Many of the poor are striving for  better lives for themselves and their children.  A college education is now considered a basic requirement for many jobs, but the cost of a college education has sky-rocketed at the same time as grants and scholarships have become more difficult to obtain and/or cover less of the cost.  Students are then forced to go heavily into debt, work while taking classes, or both.  These students are experiencing scarcity of money and of time. “…the financially strapped student who misses some easy questions looks incapable or lazy.  But these people are not unskilled or uncaring, just heavily taxed.  The problem is not the person but the context of scarcity.” p. 65

Poverty will be a multi-generational trap that is impossible to escape if nothing is done to reduce the load on cognitive bandwidth.  The poor have to constantly re-certify to get food stamps and other government programs.
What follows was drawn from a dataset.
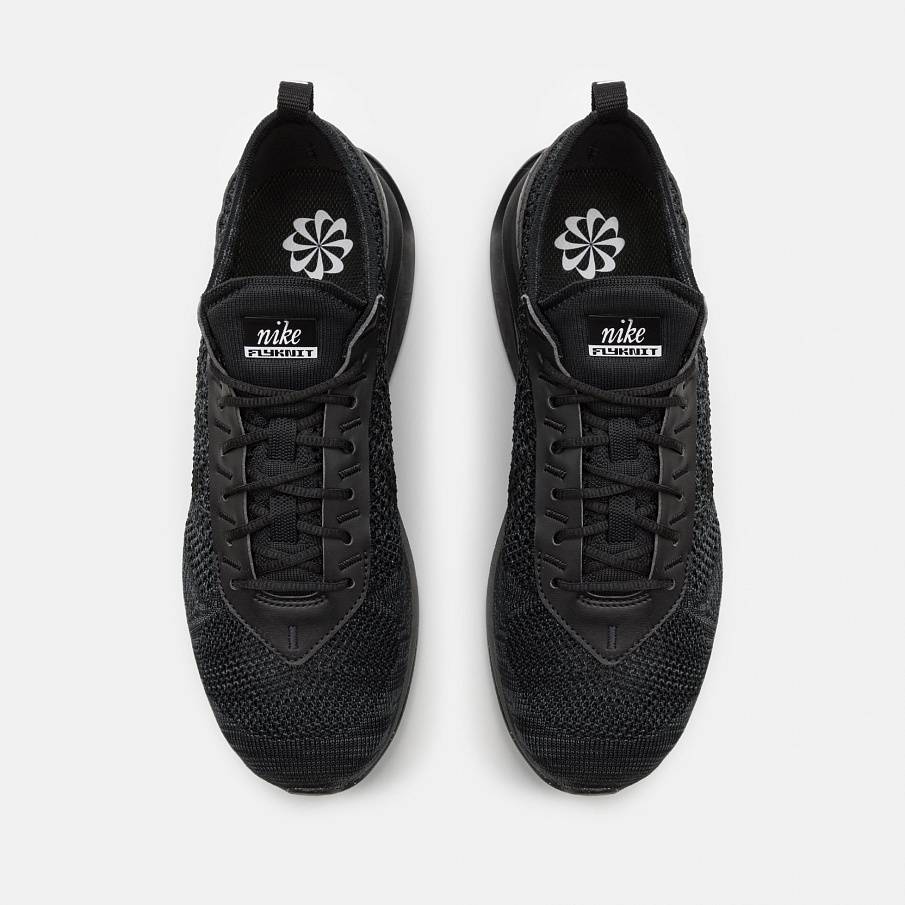 Фото № 4 с приближением к товару «‎Nike Air Max Flyknit Racer NN »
But the neediest often fail to do so because of the bandwidth tax: they forget.  This is a tax on poverty.  “To see the logic of taxing bandwidth, think about it this way.  Imagine we imposed a hefty financial charge to filling out applications for financial aid.  We would quickly realize that this is a silly fee to impose; a program aimed at the cash stretched should not charge them much cash.  Yet we frequently design programs aimed at people who are bandwidth-stretched that charge a lot in bandwidth.” p. 222   “…the bandwidth tax was sizable: roughly thirteen to fourteen IQ points, with an equally large effect on executive control.  These are … very large effects on cognitive function… the bandwidth tax plays a similarly large role in the lives of the poor everywhere.”  p. 161-62

Benefits to the poor, such as food stamps, should be paid weekly rather than in one lump sum at the beginning of month.  This smooths out the boom/bust cycle.  We need to “…create long periods of moderation rather than spurts of abundance followed by heightened periods of scarcity.”  p. 223   “The failures of the poor are part and parcel of the misfortune of being poor in the first place.  Under these conditions, we all would have (and have!) failed.” p. 161

There are a number of ways in which government and business could reduce the bandwidth tax on the poor.  If you are poor and have kids, having highly-subsidized day care frees up lots of bandwidth and makes life easier. “We’d be taking a cognitive load off.  As we’ve seen, this would help your executive control, your self-control more broadly, even your parenting. It would increase your general cognitive capacity, your ability to focus, the quality of your work… [H]elp with child care…is a way to build human capital of the deepest kind: it creates bandwidth.” p. 176-77

Jobs paying minimum wages require those with children to work two or more jobs in order to be able to pay the bills.  This situation is aggravated when these jobs do not provide consistent work schedules.  “In the United States, something as simple as inconsistent work hours…can cause juggling and perpetuate scarcity.  A solution would be to create the equivalent of unemployment insurance against such fluctuations in work hours, which to the poor can be even more pernicious than job loss.”  p. 178

In order to solve poverty, we must realize that simply having a job is inadequate.  “Now, rather than looking at education, health, finance, and child care as separate problems, we must recognize that they all form part of a person’s bandwidth capacity.  And just as a financial tax can wreak havoc in one’s budget, so can a bandwidth tax create failure in any of several domains to which a person must attend.” p. 179-80   Social programs and employment structure need to be redesigned: “…a better design will have to incorporate fundamental insights about focusing and bandwidth that emerge from the psychology of scarcity.” p. 181

Our cognitive capacity bandwidth is limited.  If it is taxed by inadequate pay, inconsistent work schedules, lack of childcare, unhealthy and/or insufficient diet, a polluted environment, inadequate social services and infrastructure, among many other scarce resources, it should not be surprising if the poor seem trapped in a cycle of poverty.   Mullainathan and Shafir have provided a method for reframing and solving this crisis.  Will we care enough to implement it?